--- Exercise ---
Whatever lies between the line that holds "African Turquoise &" and the final line of the records below, both included, should be repeated exactly; leave out the pictures and add nothing.
——
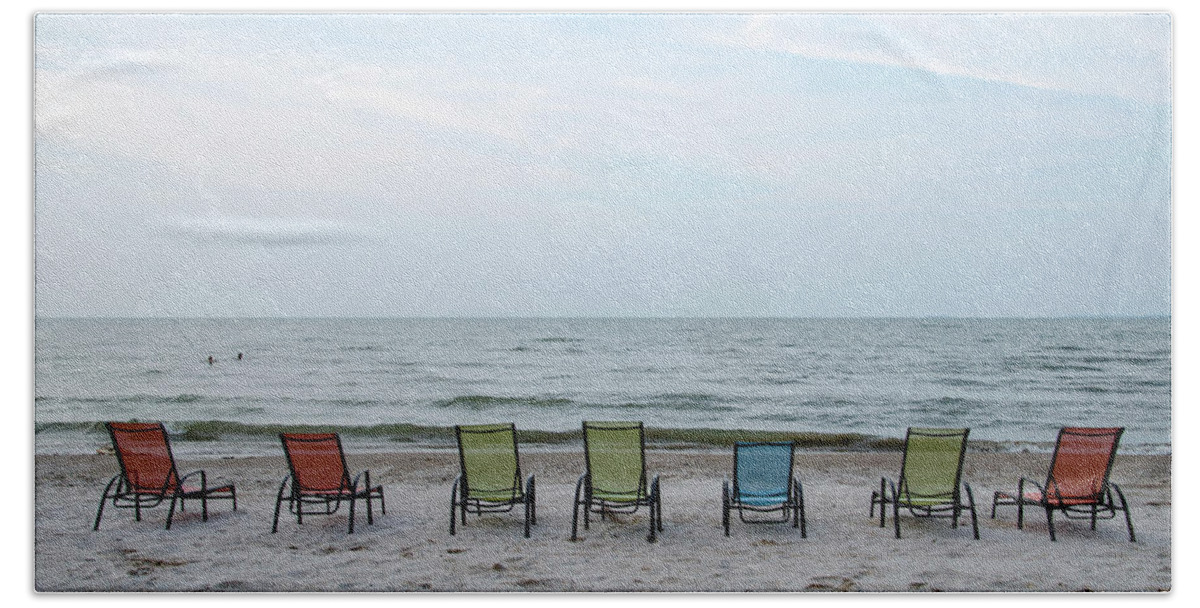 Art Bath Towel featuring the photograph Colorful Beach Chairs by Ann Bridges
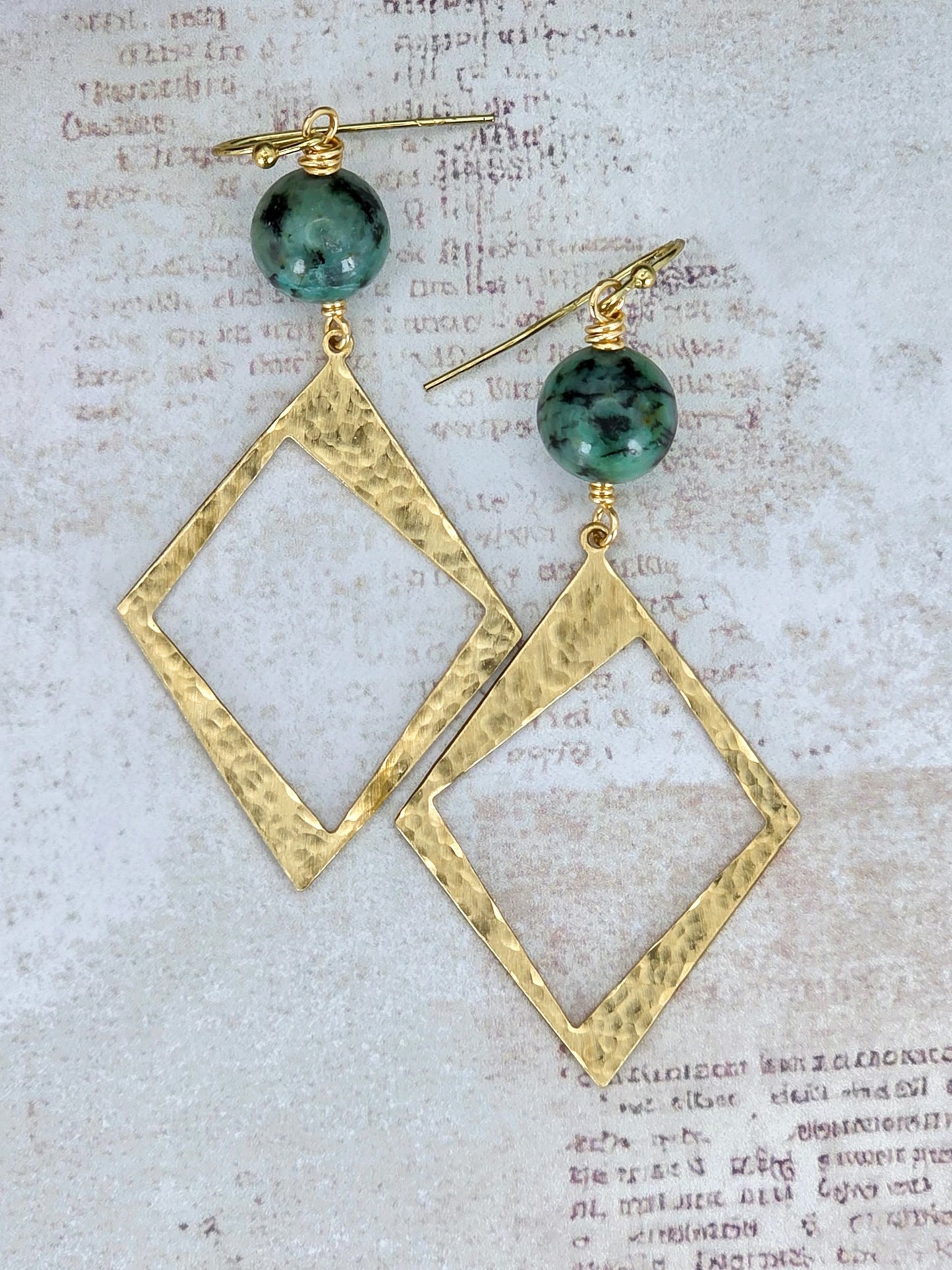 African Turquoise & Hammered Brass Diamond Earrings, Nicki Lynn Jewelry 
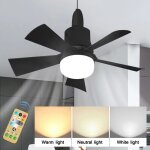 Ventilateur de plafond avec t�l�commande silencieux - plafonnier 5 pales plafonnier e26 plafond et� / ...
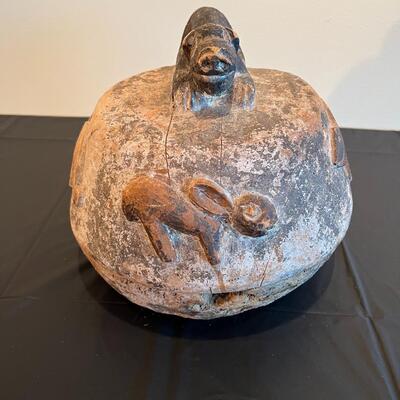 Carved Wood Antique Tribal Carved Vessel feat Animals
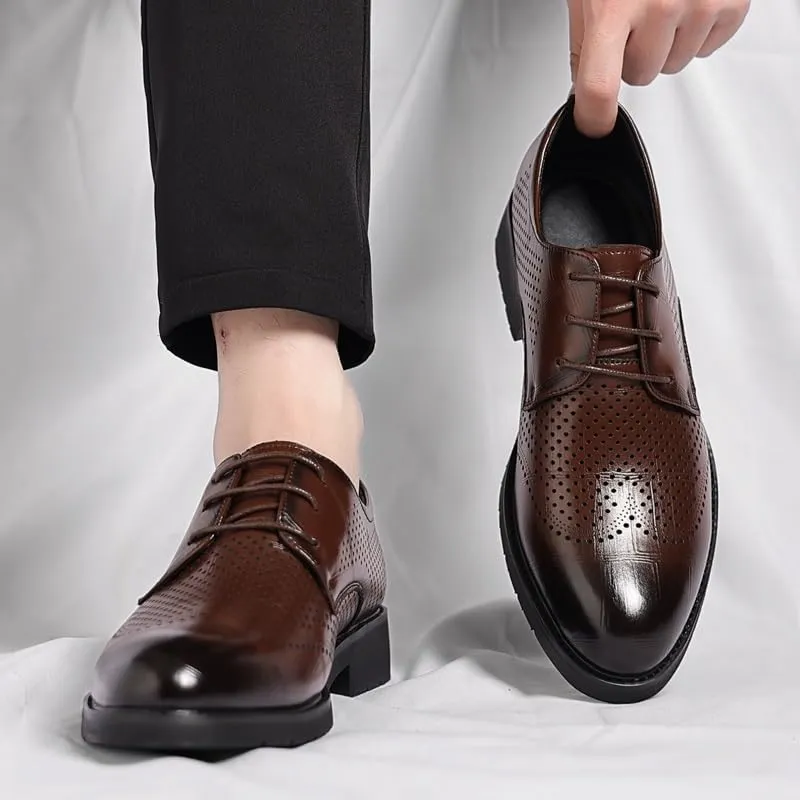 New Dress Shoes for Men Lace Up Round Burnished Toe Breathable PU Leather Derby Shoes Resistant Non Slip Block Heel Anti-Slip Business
——
--- Solution to this exercise ---
 African Turquoise & Hammered Brass Diamond Earrings, Nicki Lynn Jewelry 
 Ventilateur de plafond avec t�l�commande silencieux - plafonnier 5 pales plafonnier e26 plafond et� / ...
 Carved Wood Antique Tribal Carved Vessel feat Animals
 New Dress Shoes for Men Lace Up Round Burnished Toe Breathable PU Leather Derby Shoes Resistant Non Slip Block Heel Anti-Slip Business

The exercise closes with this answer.